Furthermore, the sentiment of a text is jointly determined by local sentiment words or phrases of different positions and scales; conjunctions also play an important role. Most traditional CNNs obtain a global text sentiment representation by stacking convolutional and pooling layers [8,9,10]. This requires the resolution of two problems: fully using different scales of sentiment features to generate the text sentiment representation and reducing the loss of local detailed information in the convolution and pooling processes. Taking the sentence—“Sillier, cuter, and shorter than the first (as best I remember), but still a very good time at the cinema.”—as an example (as shown in Figure 1b), it has a positive global sentiment polarity and contains conjunctions, words, and phrases of different sentiment polarities. The source of its text sentiment should preferably include these features of 1-scale and 2-scale that highlight the sentiment of “sillier”, “cuter”, “best”, and “very good”, as well as the features that emphasize the semantics of “but”. For CNNs, if a text sentiment representation depends solely on the downstream layers, some information contained in small-scale sentiment features may be lost.

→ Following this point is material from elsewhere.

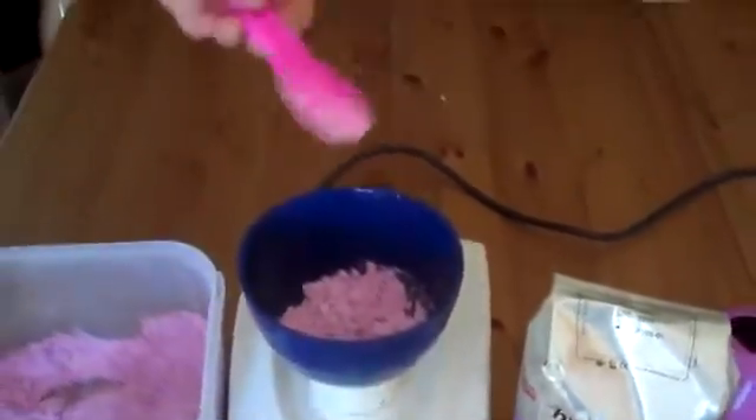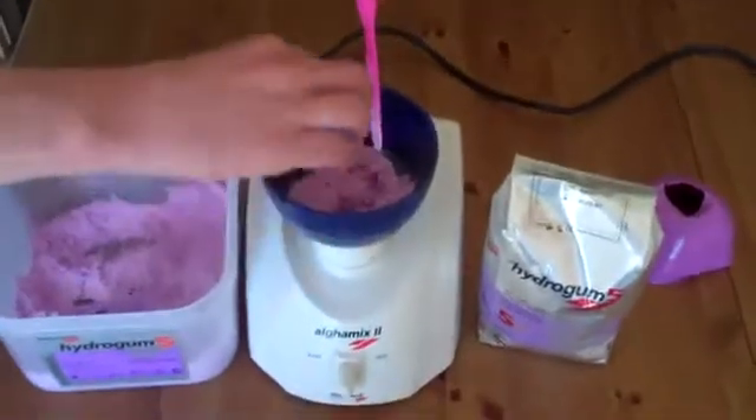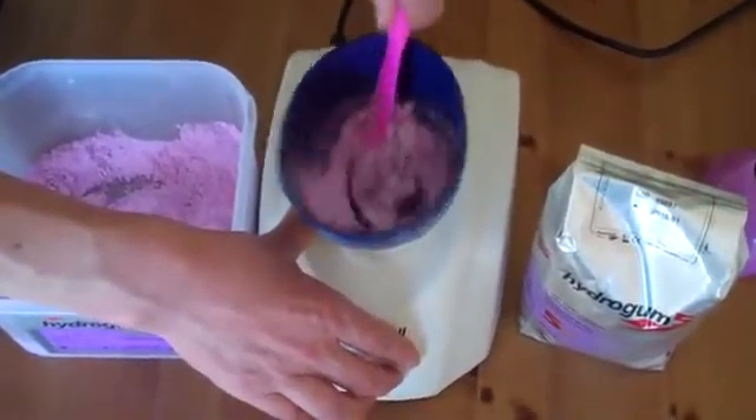And like I said, a 2-speed motor. The powder's in there already, so we drop the water in. On the slow speed, I'm just rocking the spatula to wet the alginate.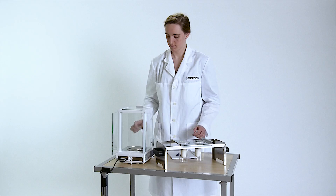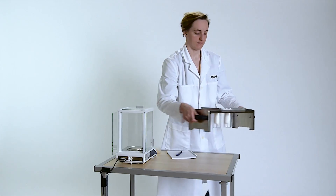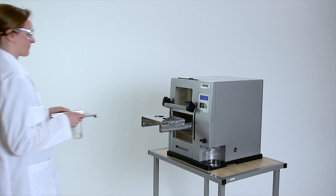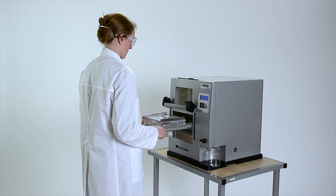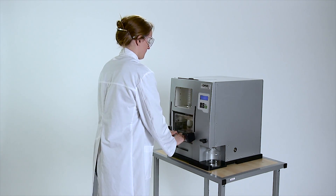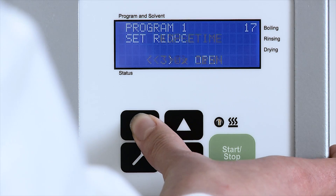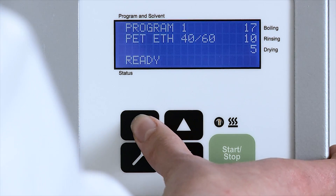A unique feature with Soxrock is the easy handling of the rack. It is a simple task to place the samples and make sure that the instrument is completely sealed. The user-friendly interface ensures easy adjustments and a quick start of the process.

Therefore, it is helpful for a task-friendly text sentiment representation to selectively reuse all scales of sentiment features.

Currently, there are two approaches to alleviate the above limitations: convolution filters with various window sizes in a layer and densely connected layers [6,11,12]. The first approach utilizes filters with different window sizes to extract multi-scale sentiment features. However, it is difficult to find the optimized combination of different window sizes. The interactions of sentiment features from different window sizes have also not been fully exploited, resulting in an insufficient ability to learn multi-scale sentiment features. A large-scale sentiment feature can be elegantly constructed through interactions between various small-scale features without relearning redundant features. The second approach can form a large-scale sentiment feature using various small-scale sentiment features and gracefully reuse all scales of sentiment features using dense connections [13,14]. However, this approach requires the stacking of multiple layers or blocks to obtain multi-scale sentiment features over a large range, resulting in a sharp increase in memory because of the dense connections. Recently, [15] proposed Res2Net in computer vision. Residual-like connections may provide interactions among various small-scale sentiment features to help synthesize large-scale sentiment features. However, these connections are implemented by direct addition, which cannot optimally select the appropriate sentiment features.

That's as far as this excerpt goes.